Licensing is the process of granting others limited use of rights you possess. For example, when you license your copyright you are granting specific people a limited right to make copies without having to ask you first. Licensing of one right does not affect your possession of the others. For example you could grant the right to copy your work but retain the right to perform it. Creative Commons licenses are mostly concerned with copyright, but they do not usually deal with the other rights such as database rights or trade secrets.

Waivers, on the other hand, are a voluntary relinquishment of a right. If you waive your exclusive copyright over a work then you are explictly allowing other people to copy it and you will have no claim over their use of it in that way. It gives users of your work huge freedom and confidence that they will not be persued for license fees in the future.

The Licensing Problem

In general factual data does not convey any copyrights, but it may be subject to other rights such as trade mark or, in many jurisdictions, database right. Because factual data is not usually subject to copyright, the standard Creative Commons licenses are not applicable: you can’t grant the exclusive right to copy the facts if that right isn’t yours to give. It also means you cannot add conditions such as share-alike.

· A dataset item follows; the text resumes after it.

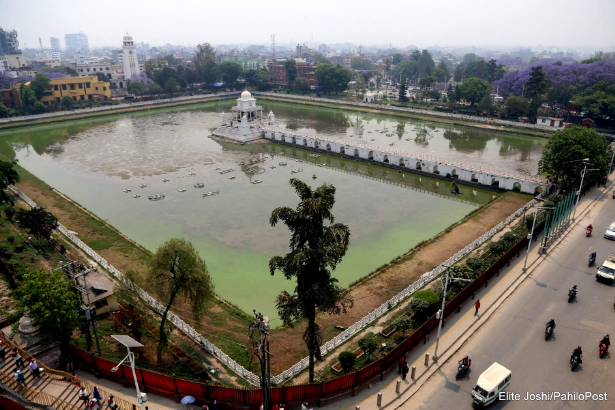 रानीपोखरीको माटो सर्वेक्षण, सयौँ वर्षपछि पोखरी सफा गरिँदै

There isn’t a Creative Commons license for every possible right and there probably can’t be because of the huge variation in rights granted in different jurisdictions around the world. Also, when we start to look at licensing compilations of data we find that the situation becomes complex because you have to consider both the database and its contents seperately. For example a document of articles would be subject to database right over the whole collection and individual copyrights for each article, quite possible to many different owners. The Open Data Commons has addressed this particular example with its Open Database License and Database Contents License (based on work originally donated by Talis). If a standard license doesn’t exist then you need to hire lawyers and write one for yourself – a potentially huge cost.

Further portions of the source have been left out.